If a crisis is an opportunity in disguise, the disguise was a pretty convincing one. The Letchworth-based meals-on-wheels service, set up in 2007 as Hertfordshire Community Meals, was already struggling with costs and inefficiency when its CEO died suddenly in 2009.


When a catastrophic £250,000 trading deficit was revealed shortly afterwards, it looked like the end. Then in June 2010 a new chief executive was appointed: Sarah Wren MBE. Rather than pull down the shutters, Wren and her team took the bold decision to redesign the meals operation and to develop a social enterprise focused on a more extensive suite of independent living services. By changing the organisation’s structure and gaining charitable status she eliminated the need to pay corporation tax and reduced its business rates.


‘The biggest issue has been how to meet growing need with reducing resources, but we’ve found that challenging ourselves has enabled us to become more cost-effective, whilst serving more people with more services and supporting more lives for the better.’

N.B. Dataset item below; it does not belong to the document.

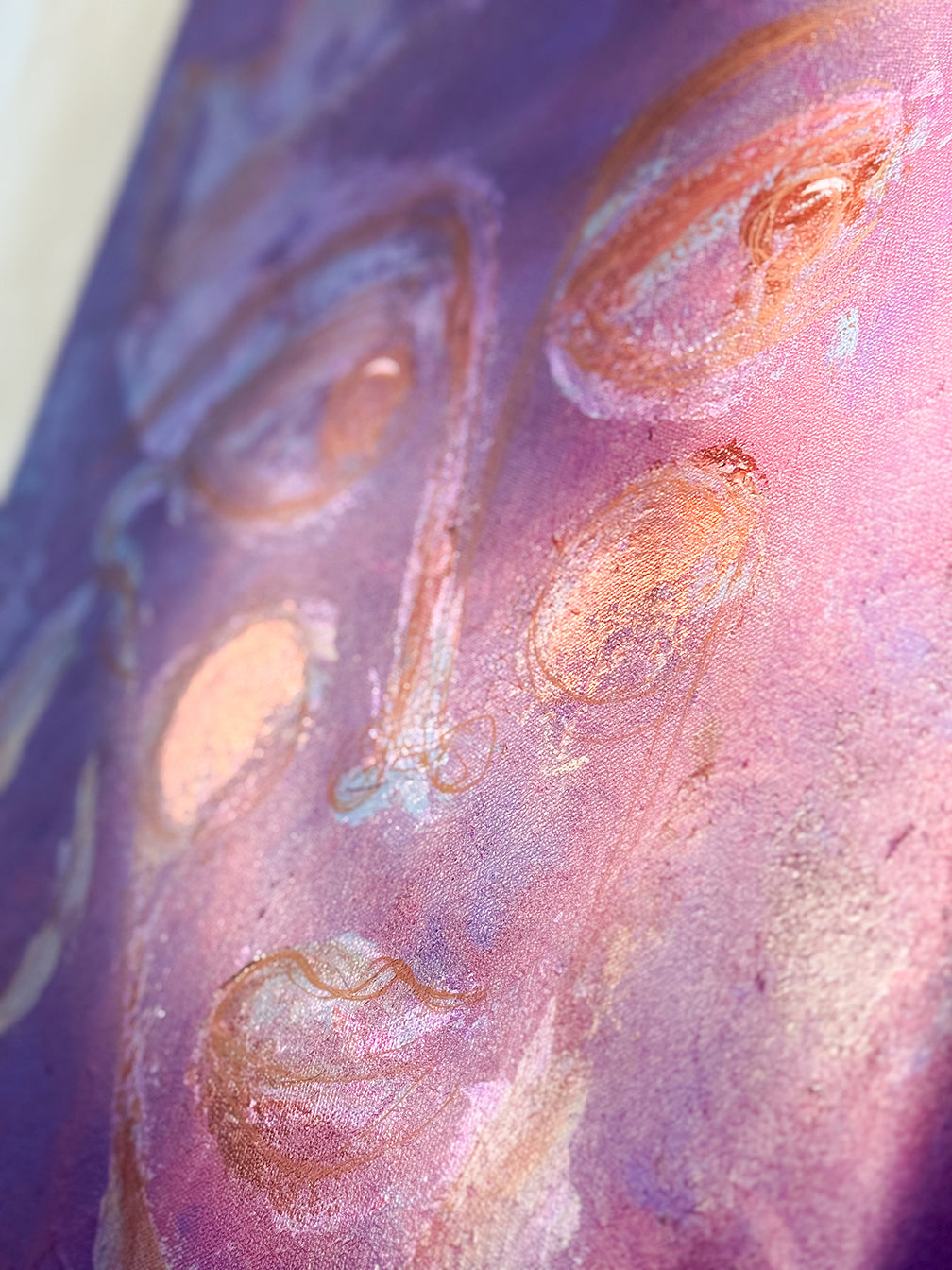 Kanvas Tablo | Orijinal İmzalı Resim - 37-Resim-DIY and GREEN-NowShopFun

She also believes in transparency. ‘We’ve been completely honest about the way we do business, so when we’ve created a saving we’ve returned that back to the public purse’, says Wren. ‘We’ve gone back and said “This year, we can do it for this much less”. I think that is a very different way of working, so we’ve become a trusted partner. We’ve been extremely creative; we’re always thinking of new ways of doing things.”


The appetite for HILS has never been keener, it appears: HILS now delivers 500,000 meals a year to 4,000 people and has branched out into a range of additional services, from lunch clubs and nutrition and wellbeing checks to installing telecare emergency alarm systems (this latter at one-sixth of the previous local authority budget) supporting a further 7000 people. ‘It just makes sense – we do good, and we do it better and cheaper too’, she says.


HILS’ success bucks the national trend of diminishing community meals-on-wheels services and it is now a widely studied leader in its field. Wren advocates having a clear goal for what you want to accomplish, the determination to achieve it despite setbacks, and the willingness to work closely with other organisations and businesses who aspire to make a real social impact.


Julian Birkinshaw, Professor of Strategy and Entrepreneurship at London Business School and Academic Director, Deloitte Institute of Innovation and Entrepreneurship, says HILS impressed the RIA judges with its refusal to give up in the face of difficulty and its rapidly evolving success.


“This is an organisation that was on the brink of failure, through a difficult set of circumstances. And yet it didn’t just haul its way back to viability, it even created a new and better business model along the way. The people behind this turnaround were highly tenacious and showed great personal resilience.”